Linear algebra - how to tell where vectors lie? I'm working my way (self-study) through Strang's text on Linear Algebra and am currently on Problem 1.2 #6.
6b) The vectors that are perpendicular to $V = (1,1,1)$ lie on a _ . 
6c) The vectors that are perpendicular to $V = (1,1,1)$ and $(1,2,3)$ lie on a __.
The back of the book gives the answer as plane and line, respectively. I'm not sure I understand why or how to go about solving this. I know that two lines are perpendicular to each other if their dot product is $0$. I'm also familiar with the intuition behind this in $\mathbb R^2$, but would appreciate some help on how to generalize this to $\mathbb R^3$ and beyond.
 A: Take two pencils of approximately equal length. Hold them together at a right angle. Leave one of the pencils in a fixed position and try to figure out all the different ways you can move the second pencil to make a right angle with the first. You'll see that sweeps out a plane.
Hold the two pencils at a right angle. Take a third pencil of any length and make it perpendicular to the other two.

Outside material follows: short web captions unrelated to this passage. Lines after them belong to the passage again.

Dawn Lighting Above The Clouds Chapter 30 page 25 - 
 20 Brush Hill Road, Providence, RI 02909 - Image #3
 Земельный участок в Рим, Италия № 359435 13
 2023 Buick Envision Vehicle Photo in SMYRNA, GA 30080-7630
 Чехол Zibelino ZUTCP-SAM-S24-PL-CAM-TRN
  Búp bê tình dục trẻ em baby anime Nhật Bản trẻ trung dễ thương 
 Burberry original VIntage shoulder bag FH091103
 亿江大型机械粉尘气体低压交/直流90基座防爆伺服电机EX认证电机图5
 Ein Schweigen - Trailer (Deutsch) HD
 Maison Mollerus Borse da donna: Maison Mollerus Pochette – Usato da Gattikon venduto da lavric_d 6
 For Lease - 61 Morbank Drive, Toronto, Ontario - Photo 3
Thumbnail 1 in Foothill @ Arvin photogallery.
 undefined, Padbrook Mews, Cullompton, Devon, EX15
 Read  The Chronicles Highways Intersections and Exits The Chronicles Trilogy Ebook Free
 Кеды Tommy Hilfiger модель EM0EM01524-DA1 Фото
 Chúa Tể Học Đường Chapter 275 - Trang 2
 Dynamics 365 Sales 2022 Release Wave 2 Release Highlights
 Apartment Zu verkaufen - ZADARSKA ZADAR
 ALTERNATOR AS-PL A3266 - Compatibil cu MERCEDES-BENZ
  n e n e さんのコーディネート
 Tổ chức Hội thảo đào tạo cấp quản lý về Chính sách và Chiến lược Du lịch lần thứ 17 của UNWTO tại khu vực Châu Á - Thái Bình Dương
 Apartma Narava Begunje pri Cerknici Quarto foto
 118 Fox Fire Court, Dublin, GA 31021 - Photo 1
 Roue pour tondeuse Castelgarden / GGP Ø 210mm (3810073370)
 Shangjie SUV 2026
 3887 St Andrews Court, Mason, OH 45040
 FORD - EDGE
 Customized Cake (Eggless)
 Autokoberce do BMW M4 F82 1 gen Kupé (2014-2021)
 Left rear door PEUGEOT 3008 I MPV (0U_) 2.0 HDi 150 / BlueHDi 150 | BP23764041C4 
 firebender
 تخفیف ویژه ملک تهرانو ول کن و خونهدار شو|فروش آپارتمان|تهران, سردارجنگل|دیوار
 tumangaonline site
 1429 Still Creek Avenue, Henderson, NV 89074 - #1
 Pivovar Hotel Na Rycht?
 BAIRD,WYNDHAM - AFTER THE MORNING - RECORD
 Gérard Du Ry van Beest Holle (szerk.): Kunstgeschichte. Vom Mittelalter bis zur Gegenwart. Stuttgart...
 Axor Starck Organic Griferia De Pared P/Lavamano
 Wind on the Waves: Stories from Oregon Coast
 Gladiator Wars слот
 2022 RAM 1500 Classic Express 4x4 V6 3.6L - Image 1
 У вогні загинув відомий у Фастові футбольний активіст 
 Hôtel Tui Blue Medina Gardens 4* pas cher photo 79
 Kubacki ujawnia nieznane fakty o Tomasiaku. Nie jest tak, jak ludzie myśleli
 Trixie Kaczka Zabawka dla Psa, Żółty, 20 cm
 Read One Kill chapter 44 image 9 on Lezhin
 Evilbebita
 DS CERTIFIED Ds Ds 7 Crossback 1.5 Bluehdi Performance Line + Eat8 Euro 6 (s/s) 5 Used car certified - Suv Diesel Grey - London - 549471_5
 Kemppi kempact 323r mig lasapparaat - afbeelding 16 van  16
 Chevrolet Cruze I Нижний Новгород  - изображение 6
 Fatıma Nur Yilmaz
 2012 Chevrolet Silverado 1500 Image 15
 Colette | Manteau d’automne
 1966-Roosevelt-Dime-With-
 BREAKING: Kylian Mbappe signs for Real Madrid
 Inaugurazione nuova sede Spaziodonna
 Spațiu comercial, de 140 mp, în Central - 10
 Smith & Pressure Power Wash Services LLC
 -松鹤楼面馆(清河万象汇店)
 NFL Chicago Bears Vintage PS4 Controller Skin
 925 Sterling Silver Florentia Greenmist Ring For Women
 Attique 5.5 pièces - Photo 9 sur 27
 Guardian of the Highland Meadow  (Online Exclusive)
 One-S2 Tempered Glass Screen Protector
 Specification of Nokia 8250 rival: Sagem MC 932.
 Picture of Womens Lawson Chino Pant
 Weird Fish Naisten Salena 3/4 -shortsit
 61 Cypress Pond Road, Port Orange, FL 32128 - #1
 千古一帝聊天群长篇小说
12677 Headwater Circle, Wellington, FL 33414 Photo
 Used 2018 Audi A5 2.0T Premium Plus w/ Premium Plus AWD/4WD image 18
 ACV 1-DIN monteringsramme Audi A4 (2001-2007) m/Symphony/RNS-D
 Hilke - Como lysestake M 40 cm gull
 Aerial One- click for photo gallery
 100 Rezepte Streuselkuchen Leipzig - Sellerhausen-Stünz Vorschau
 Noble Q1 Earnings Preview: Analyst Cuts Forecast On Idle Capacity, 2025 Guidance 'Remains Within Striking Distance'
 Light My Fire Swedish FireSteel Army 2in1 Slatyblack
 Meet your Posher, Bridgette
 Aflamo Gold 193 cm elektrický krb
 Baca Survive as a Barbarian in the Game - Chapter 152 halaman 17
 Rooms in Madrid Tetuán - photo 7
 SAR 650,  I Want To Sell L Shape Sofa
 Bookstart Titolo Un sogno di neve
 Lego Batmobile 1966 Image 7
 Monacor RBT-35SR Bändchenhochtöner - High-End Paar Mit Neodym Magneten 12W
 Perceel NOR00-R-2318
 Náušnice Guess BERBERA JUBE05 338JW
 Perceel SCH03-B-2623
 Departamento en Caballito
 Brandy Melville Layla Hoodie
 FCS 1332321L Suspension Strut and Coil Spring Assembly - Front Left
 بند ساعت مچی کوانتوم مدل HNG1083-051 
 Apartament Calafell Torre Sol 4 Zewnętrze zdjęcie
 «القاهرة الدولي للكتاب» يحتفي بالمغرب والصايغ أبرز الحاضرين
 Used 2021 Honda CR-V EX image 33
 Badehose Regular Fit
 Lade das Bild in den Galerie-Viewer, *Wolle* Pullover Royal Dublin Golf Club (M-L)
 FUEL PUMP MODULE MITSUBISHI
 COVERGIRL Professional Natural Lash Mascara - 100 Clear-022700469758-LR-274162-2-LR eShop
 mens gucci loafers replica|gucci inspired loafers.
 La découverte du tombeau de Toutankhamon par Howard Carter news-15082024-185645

You will see why it is a line.
A: Any vector $(x,y,z)$ perpendicular to $(1,1,1)$ satisfies the condition $x+y+z=0$. The collection of such vectors is by definition a plane. 
If in addition the vector is perpendicular to $(1,2,3)$ then we have the added condition $x+2y+3z=0$. Together with $x+y+z=0$ this means all vectors of the type $(a,-2a,a)$ which is a line in the given plane. 
A: (1,1,1) is a vector. So vectors perpendicular to it ll lie in a plane. To get a feel put your finger perpendicularly on the wall. Your finger is (1,1,1) and the wall is the plane. For the second bit think reverse. wall contains the two vectors and your finger is the new line perpendicular to it.